[Exercise directions] Go to the line that contains "Lodewijk Hoekstra en" and extract it along with every line after it, exactly, through the end of the data below.

*** Record set

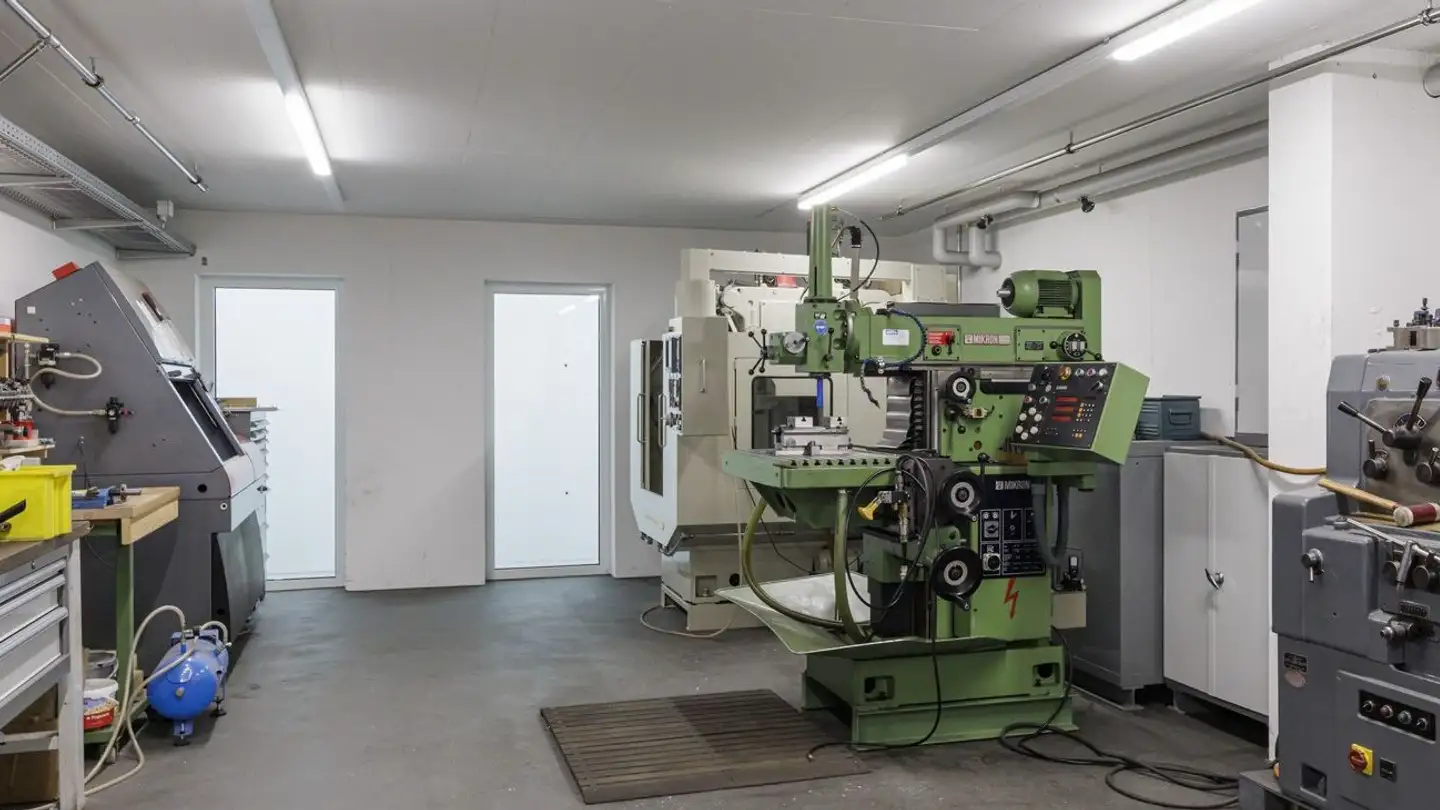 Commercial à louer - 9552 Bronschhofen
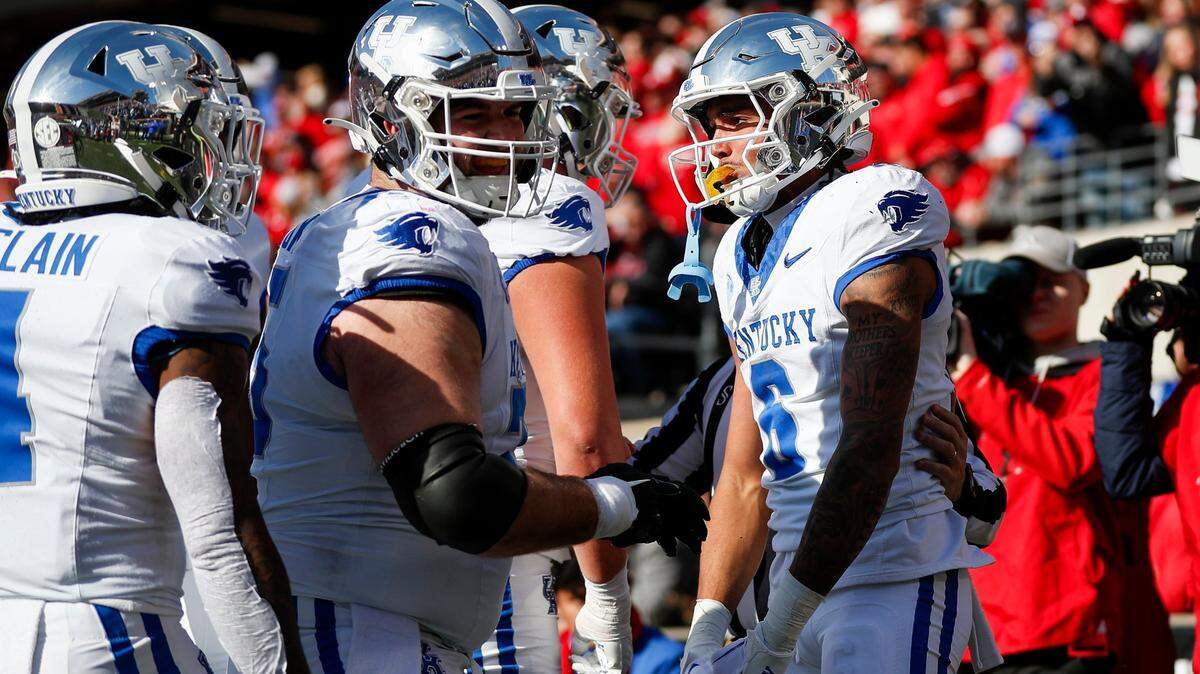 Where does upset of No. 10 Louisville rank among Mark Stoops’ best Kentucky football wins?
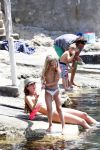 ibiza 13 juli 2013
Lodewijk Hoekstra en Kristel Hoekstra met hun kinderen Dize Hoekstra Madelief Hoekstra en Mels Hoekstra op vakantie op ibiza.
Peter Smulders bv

******

[Written solution]
Lodewijk Hoekstra en Kristel Hoekstra met hun kinderen Dize Hoekstra Madelief Hoekstra en Mels Hoekstra op vakantie op ibiza.
Peter Smulders bv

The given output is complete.